### INSTRUCTIONS FOR THE TASK
Return all of the data that follows precisely, leaving every image out.

### AVAILABLE DATA
^^^^^^^^^^^^^^^^

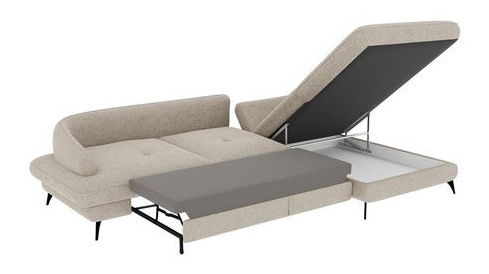 Sarokkanapé Fekline (bézs)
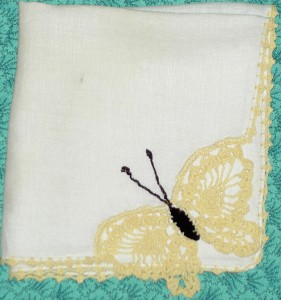 Butterfly Handkerchief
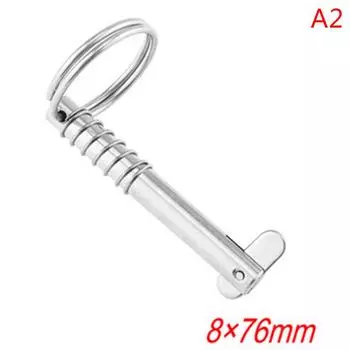 8-миллиметровый быстросъемный штифт Bset Matel Marine Grade 316 из нержавеющей стали 76mm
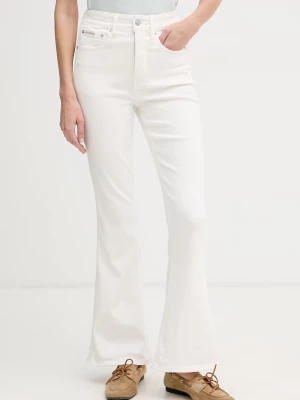 Obrázek produktu Calvin Klein Jeans flare džíny dámské bílá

^^^^^^^^^^^^^^^^

### TASK OUTPUT
 Sarokkanapé Fekline (bézs)
 Butterfly Handkerchief
 8-миллиметровый быстросъемный штифт Bset Matel Marine Grade 316 из нержавеющей стали 76mm
 Obrázek produktu Calvin Klein Jeans flare džíny dámské bílá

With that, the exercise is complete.